1. Два могущественных мифа убеждают нас в возможности, обязанности сублимировать любовь в эстетическом творчестве: сократический миф (любовь способствует «порождению множества прекрасных и великолепных речей») и романтический миф (я создам бессмертное произведение, описывая свою страсть).

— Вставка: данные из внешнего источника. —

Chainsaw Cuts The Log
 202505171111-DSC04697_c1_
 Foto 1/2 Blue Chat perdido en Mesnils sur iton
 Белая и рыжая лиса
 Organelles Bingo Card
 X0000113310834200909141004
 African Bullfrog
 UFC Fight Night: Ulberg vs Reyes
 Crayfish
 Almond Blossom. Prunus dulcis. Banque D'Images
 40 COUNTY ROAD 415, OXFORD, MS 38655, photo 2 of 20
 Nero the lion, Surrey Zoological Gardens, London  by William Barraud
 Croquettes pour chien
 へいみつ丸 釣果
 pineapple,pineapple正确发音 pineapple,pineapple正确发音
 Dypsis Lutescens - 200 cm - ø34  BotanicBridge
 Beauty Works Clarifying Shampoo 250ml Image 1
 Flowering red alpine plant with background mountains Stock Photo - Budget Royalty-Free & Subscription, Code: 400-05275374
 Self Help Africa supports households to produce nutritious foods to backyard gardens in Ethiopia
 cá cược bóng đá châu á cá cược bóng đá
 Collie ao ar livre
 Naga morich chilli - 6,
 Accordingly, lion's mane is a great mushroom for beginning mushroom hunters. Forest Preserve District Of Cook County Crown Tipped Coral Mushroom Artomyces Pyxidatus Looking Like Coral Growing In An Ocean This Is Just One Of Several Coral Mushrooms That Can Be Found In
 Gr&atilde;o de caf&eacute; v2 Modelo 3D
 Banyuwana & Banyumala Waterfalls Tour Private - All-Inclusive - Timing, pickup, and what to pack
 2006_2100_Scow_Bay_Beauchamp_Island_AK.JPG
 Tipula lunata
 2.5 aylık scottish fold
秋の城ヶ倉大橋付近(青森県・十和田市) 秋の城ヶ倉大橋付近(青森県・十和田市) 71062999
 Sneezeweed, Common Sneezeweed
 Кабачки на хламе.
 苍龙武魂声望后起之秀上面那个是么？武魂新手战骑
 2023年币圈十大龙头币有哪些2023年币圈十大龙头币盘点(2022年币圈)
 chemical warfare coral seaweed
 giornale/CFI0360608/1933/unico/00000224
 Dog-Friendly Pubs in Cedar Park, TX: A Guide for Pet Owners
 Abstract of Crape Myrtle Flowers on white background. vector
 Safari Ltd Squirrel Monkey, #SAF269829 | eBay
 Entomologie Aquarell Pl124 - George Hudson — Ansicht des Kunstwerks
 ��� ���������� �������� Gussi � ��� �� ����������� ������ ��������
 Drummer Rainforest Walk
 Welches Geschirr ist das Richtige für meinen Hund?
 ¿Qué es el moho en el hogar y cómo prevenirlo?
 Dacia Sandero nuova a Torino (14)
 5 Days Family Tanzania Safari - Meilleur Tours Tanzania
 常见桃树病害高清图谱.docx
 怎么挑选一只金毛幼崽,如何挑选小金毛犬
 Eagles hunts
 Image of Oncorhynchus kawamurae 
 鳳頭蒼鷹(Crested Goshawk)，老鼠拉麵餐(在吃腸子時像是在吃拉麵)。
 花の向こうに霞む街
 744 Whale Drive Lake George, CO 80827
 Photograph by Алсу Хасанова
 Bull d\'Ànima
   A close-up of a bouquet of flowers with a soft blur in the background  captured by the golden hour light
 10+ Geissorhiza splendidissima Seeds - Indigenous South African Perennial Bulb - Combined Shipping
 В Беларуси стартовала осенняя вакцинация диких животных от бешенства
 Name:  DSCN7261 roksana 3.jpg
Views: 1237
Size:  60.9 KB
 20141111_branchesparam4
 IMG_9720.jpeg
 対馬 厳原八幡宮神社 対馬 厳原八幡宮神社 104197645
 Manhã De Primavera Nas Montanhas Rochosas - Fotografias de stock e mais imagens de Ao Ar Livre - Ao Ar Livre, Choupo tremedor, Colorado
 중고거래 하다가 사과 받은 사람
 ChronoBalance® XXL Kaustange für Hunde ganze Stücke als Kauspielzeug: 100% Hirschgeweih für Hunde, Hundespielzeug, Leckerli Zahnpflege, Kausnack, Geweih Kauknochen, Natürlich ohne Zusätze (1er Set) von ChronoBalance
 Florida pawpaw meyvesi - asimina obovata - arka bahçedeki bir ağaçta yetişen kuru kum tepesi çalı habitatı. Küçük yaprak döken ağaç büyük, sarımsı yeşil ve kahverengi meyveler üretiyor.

Однако Вертер, который прежде много и хорошо рисовал, не может написать портрет Шарлотты (он едва смог набросать ее карандашный силуэт — то самое, что его в ней пленило). «Я утратил священную животворящую силу, которой я порождал вокруг себя миры».
Пир, Вертер
2.
Праздник осенней луны.
Кругом пруда, и опять кругом,
Ночь напролет кругом!
Нет более эффективных окольных путей, чтобы выразить грусть, чем это «ночь напролет кругом!» А если попробую и я?
Летним утром над заливом
Ни облачка. Я вышел
Сорвать глицинию.
или
Летним утром над заливом
Ни облачка. Я долго сидел за столом,
Ничего не делая.
или еще:
Летним утром над заливом
Ни облачка. Я не шевелюсь,
Думая об отсутствующем.
С одной стороны, это ничего не говорит, с другой, говорит слишком многое: невозможно выверить. Мои потребности в выражении колеблются между совершенно непроницаемым хайку, кратко резюмирующим некую огромную ситуацию, и огромным обозом банальностей. Я одновременно слишком велик и слишком слаб для письма: я рядом с ним, всегда сжатым и сильным, безразличным к ребячливому «я», которое его домогается. Безусловно, любовь заодно с моим языком (который ее поддерживает), но она не может уложиться в мое письмо.
Хайку[153]
3. Я не могу писать себя. Что же это за «я», которое могло бы себя описать? Чем больше оно входило бы в письмо, тем более бы письмо его развенчивало, представляло бы его никчемным; шла бы все большая деградация, постепенно вовлекающая в себя и образ другого (писать о чем-то, это значит его отбрасывать в прошлое), и это отвращение неизбежно приводило бы к заключению: чего ради! Любовное письмо блокирует иллюзия экспрессивности: я — писатель или считающий себя таковым — продолжаю обманываться эффектами языка; я не знаю, что слово «страдание» не выражает никакого страдания и что, следовательно, использовать его — значит не только ничего не сообщить, но и очень скоро вызвать раздражение (не говоря о смехотворности моего положения). Надо, чтобы кто-нибудь научил меня, что нельзя писать, не утрачивая своего «чистосердечия» (все тот же миф об Орфее: не оборачиваться). Требование письма, с которым не может согласиться без душевных мук никакой влюбленный, — принести в жертву немножко своего Воображаемого и тем самым сквозь свой язык Валь осознать немного реального. В лучшем случае, все, что я мог бы произнести, — это письмо Воображаемого, и для этого мне следует отказаться от Воображаемого моего письма — позволить языку работать надо мной, подвергаться несправедливостям (оскорблениям), которые он не замедлит наложить на двойной Образ влюбленного и его другого.
Франсуа Валь[154]
Язык Воображаемого — это лишь утопия языка; язык совершенно первичный, райский, язык Адама, язык «природный, избавленный от искажений или заблуждений, чистое зерцало наших чувств, чувственный язык (die sensualische Sprache)»: «На чувственном языке между собой беседуют все духи, им не нужен никакой другой язык, ибо это язык природы».